Extracted records –
********

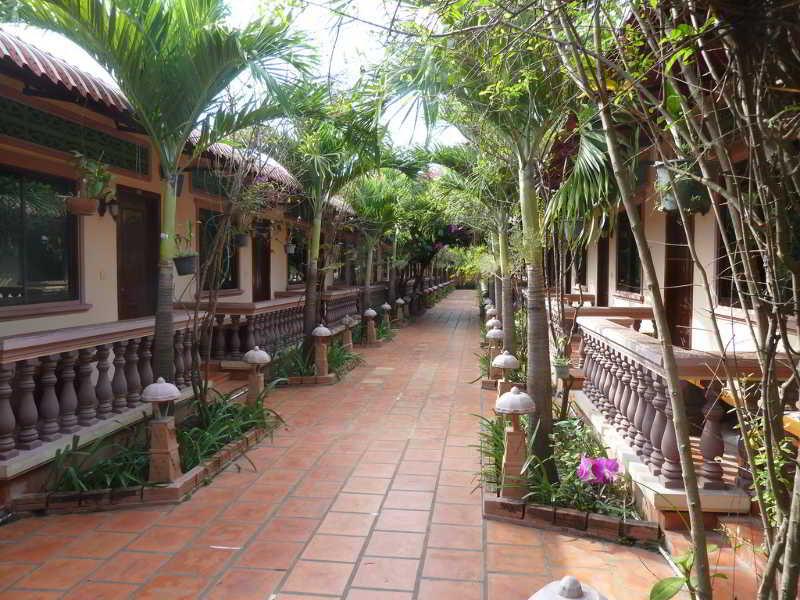 Lotus Lodge Σιέμ Ρέαπ Εξωτερικό φωτογραφία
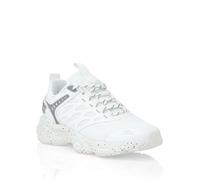 Plein Sport Sneaker bassa 'Scratch' grigio / bianco Uomo Plein Sport 36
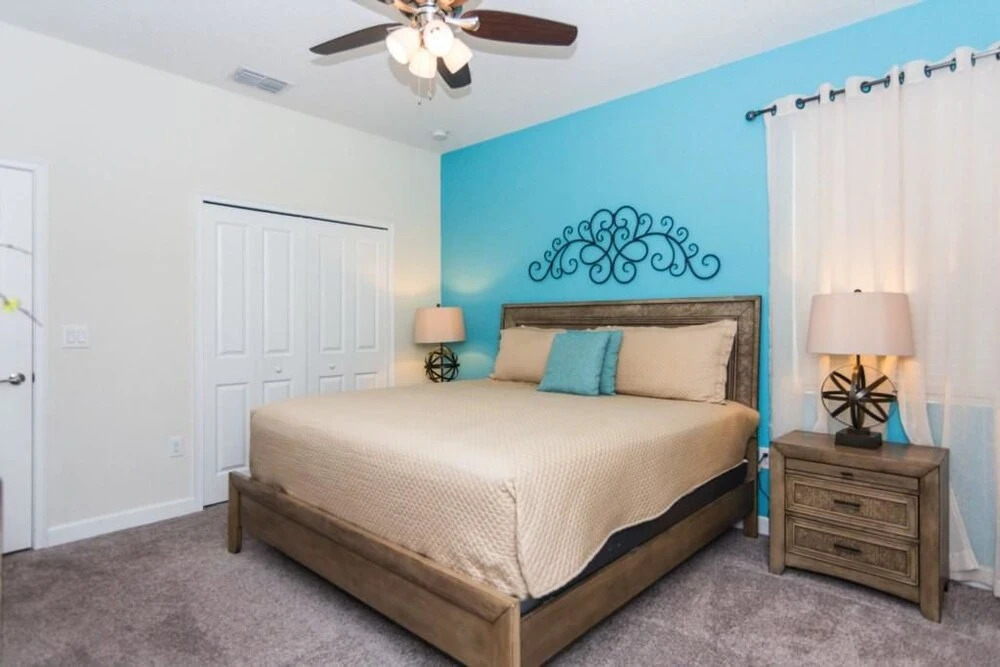 1646 Champions Gate CG1646 - 5 Br Home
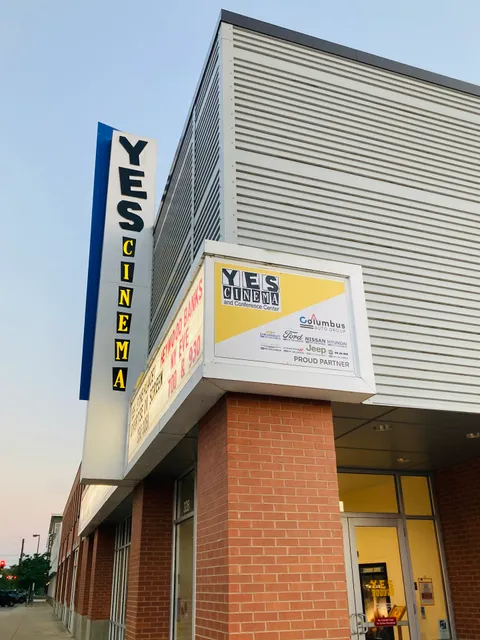 YES Cinema & Conference Center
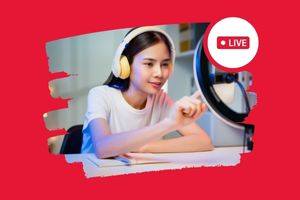 Tiktok Canlı Yayın Hilesi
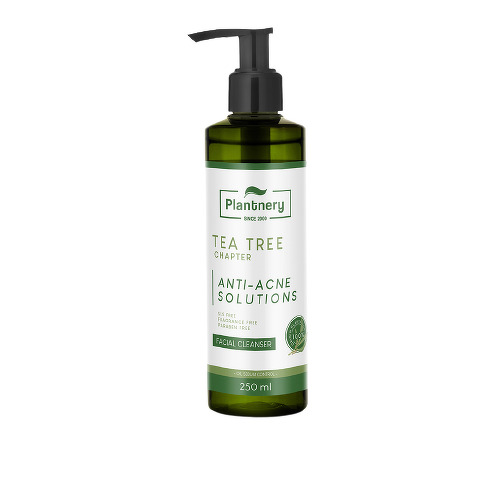 Plantnery Tea Tree Facial Cleanser 250 ml.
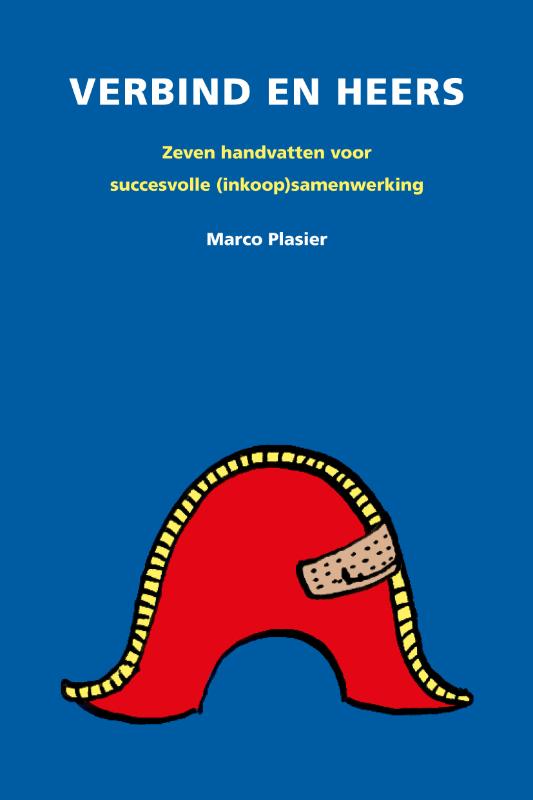 Omslag van Verbind en heers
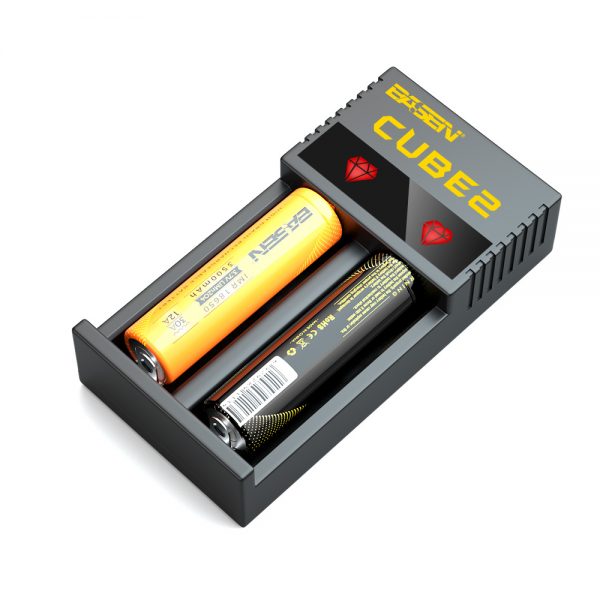 Statistical impatient politician CUBE 2 lithium-ion battery-AC Input - BASEN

********

What this task involves – Please set the data above down exactly, with the pictures removed.

Answer to this exercise –
 Lotus Lodge Σιέμ Ρέαπ Εξωτερικό φωτογραφία
 Plein Sport Sneaker bassa 'Scratch' grigio / bianco Uomo Plein Sport 36
 1646 Champions Gate CG1646 - 5 Br Home
 YES Cinema & Conference Center
 Tiktok Canlı Yayın Hilesi
 Plantnery Tea Tree Facial Cleanser 250 ml.
 Omslag van Verbind en heers
 Statistical impatient politician CUBE 2 lithium-ion battery-AC Input - BASEN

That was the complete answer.